Everyone knows and loves this song; it’s played everywhere. Shania Twain and Celine Dion have covered it. It’s one of AC/DC’s standbys. But who wrote it?

Former Mötley Crüe manager Doug Thaler is convinced Bon Scott, who’d passed away before the album was recorded, being replaced by Brian Johnson, wrote the lyrics. In fact he told me, “You can bet your life that Bon Scott wrote the lyrics to ‘You Shook Me All Night Long’.” That’s a pretty strong statement from a guy who used to be AC/DC’s American booking agent and knew the band intimately. I look into this claim in some depth in the book and draw my own conclusions.

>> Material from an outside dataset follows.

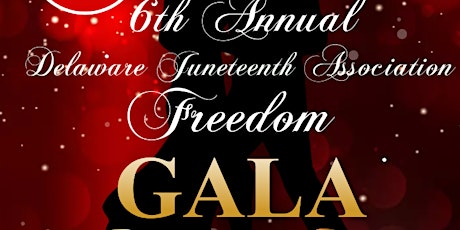 6th Annual Delaware Juneteenth Association Freedom Gala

I’m convinced Bon wrote it. In my opinion only Bon would have written a line like “She told me to come but I was already there.” Brian never matched the verve or wit of Bon in his lyrics and it’s why I think so much of AC/DC’s mid-'80s output suffers even when the guitar work of the Youngs was as good as it ever was.

But what’s also really interesting about this song in light of the recent hullabaloo over Taurus and Led Zeppelin is how much the opening guitar riff sounds similar to Head East’s “Never Been Any Reason”. I didn’t know a hell of a lot about Head East before I started working on this book, but came across “Never Been Any Reason” in the process of doing my research and was blown away when I heard it for the first time. AC/DC opened for Head East in Milwaukee in 1977. So the two bands crossed paths.

 
6. “Rock ’N’ Roll Damnation”
(Powerage, 1978)

It’s hard to get my head around the fact Mick Wall, the British rock writer and author of AC/DC: Hell Ain’t a Bad Place to Be, called this “a two-bit piece of head-bopping guff.” Not sure what track he was listening to when he wrote that -- maybe he was having a bad day -- but for me it’s one of the last of AC/DC’s classic boogie tracks and probably the best.

Mark Evans loves it almost as much as he loves “Highway to Hell". It has everything you want in an AC/DC song plus shakers, tambourines and handclaps, a real Motown touch that George Young and Harry Vanda brought to bear on the recording. They did something similar with the John Paul Young hit “Love Is in the Air”. Percussion was an underlying feature of many early AC/DC songs. This one really grooves. I never get tired of hearing it.

“Rock ’n’ Roll Damnation” was AC/DC’s first hit in the UK charts and a lot of the credit has to go to Michael Klenfner, best known as the fat guy with the moustache who stops Jake and Elwood backstage in the final reel of The Blues Brothers and offers them a recording contract. He was senior vice-president at Atlantic at the time, and insisted the band go back and record a radio-worthy single after they delivered the first cut of Powerage to New York.

Michael was a real champion of AC/DC behind the scenes at Atlantic, and never got the recognition he was due while he was still alive (he passed away in 2009). He ended up having a falling out with Atlantic president Jerry Greenberg over the choice of producer for Highway to Hell and got fired. But it was Klenfner who arguably did more for the band than anyone else while they were at Atlantic. His story deserves to be known by the fans.